Nicely done Al, must have taken quite a bit of time.  Do you turn many segmented bowls ?


----------



## woodsofourlives (Apr 30, 2010)

Thanks everyone . I learned from Kevin Neely look at his website.


----------



## jocat54 (Apr 30, 2010)

Don't know what comes after quadruple but here it is WOW!


----------



## Papa mark (Apr 30, 2010)

Great looking bowls, good job.
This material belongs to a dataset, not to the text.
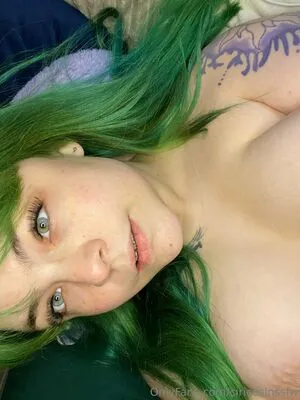 Ciricesinssfw OnlyFans Leaked Free Thumbnail Picture - #d7UsCJEP6F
Very impressed.


----------



## turnaround (May 1, 2010)

Yea, what he said + 1.


----------



## Mrs Rojo22 (May 6, 2010)

Beautiful!

Robin


----------



## Rfturner (May 10, 2010)

Those are amazing looking and gave me a great idea for pen blank


----------



## PaulDoug (May 10, 2010)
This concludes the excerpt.